Skip to main content

Creating a Data Contract

note

This section is part of a series that uses the sample data contract introduced in the Data Contracts Overview page as a reference

This page explains how to set up the sample data contract described in the Data Contracts Overview page. Your platform team may streamline this process by providing ready-to-use data contract templates that you can instantiate directly from the UI. However, it’s essential to understand the structure of the target system descriptor.

System structure

As shown in the diagram of the sample data contract, the Data Contract is part of a Producer System. Before proceeding with this tutorial, ensure you have:

  • a system to host the data contract
  • a workload component within the system to function as the Data Ingestion Workload
  • a component within the system designated as the Data Contract component, which includes four subcomponents:
    • Landing Topic: a storage component (queue)
    • Non-Compliant Topic: a storage component (queue)
    • Compliant Topic: an output port component (queue)
    • Data Contract Guardian: a workload component
note

For this tutorial, you should already be familiar with creating systems and their components, and understand the role of catalog info files and descriptors.

Data Contract Descriptor

To designate a system component (or subcomponent) as a Data Contract, set the spec.mesh.__dataContractEnabled property to true in its catalog info file.
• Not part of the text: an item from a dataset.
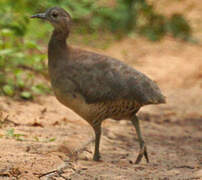 Undulated Tinamou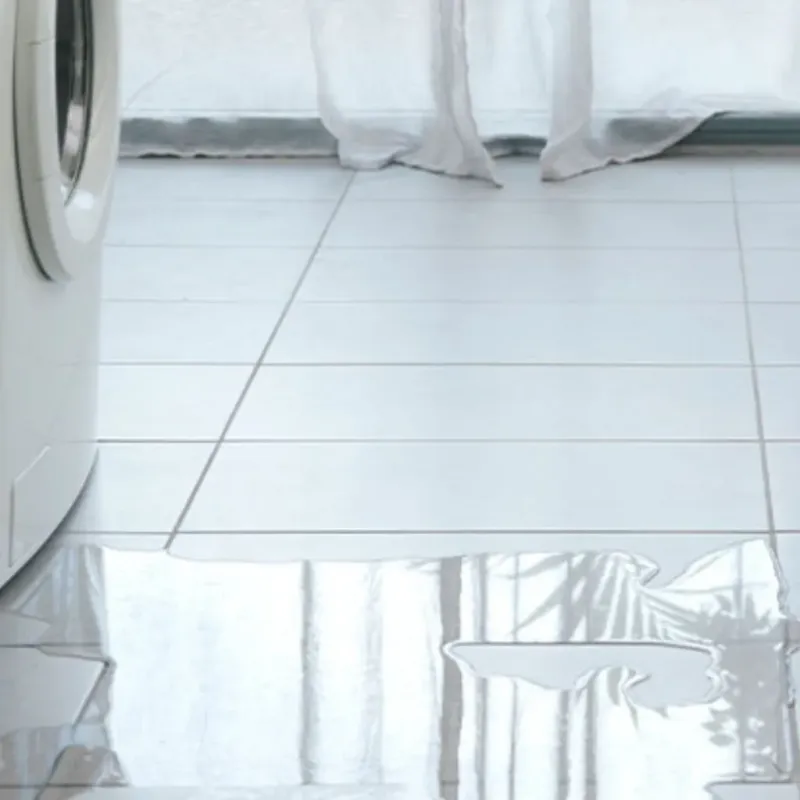 Appliance Leak Cleanup in Swanton, OH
This flag signals to Witboost that the component should be treated and validated as a Data Contract.

Fields

The final descriptor of a data contract component should include the following fields:

  • __dataContractEnabled (boolean)
    • set to true
    • mapped from property spec.mesh.__dataContractEnabled in the catalog info file (in case of top-level components)
  • dataContract (object)
    • definition of the data contract
    • mapped from property spec.mesh.dataContract in the catalog info file (in case of top-level components)
    • the recommended — but not mandatory — schema for this object is the one described in this specification (DataContract field)

The dataContract specification will be used by:

  • the data contract guardian to understand necessary compliance checks
  • the Witboost Marketplace — once the system is published — to make the data contract specification accessible to potential consumers
note

The structure of the dataContract object is flexible, depending on the needs of guardian tech adapters and marketplace custom views. Your Platform Team should define a recommended schema for this object and enforce it through governance policies.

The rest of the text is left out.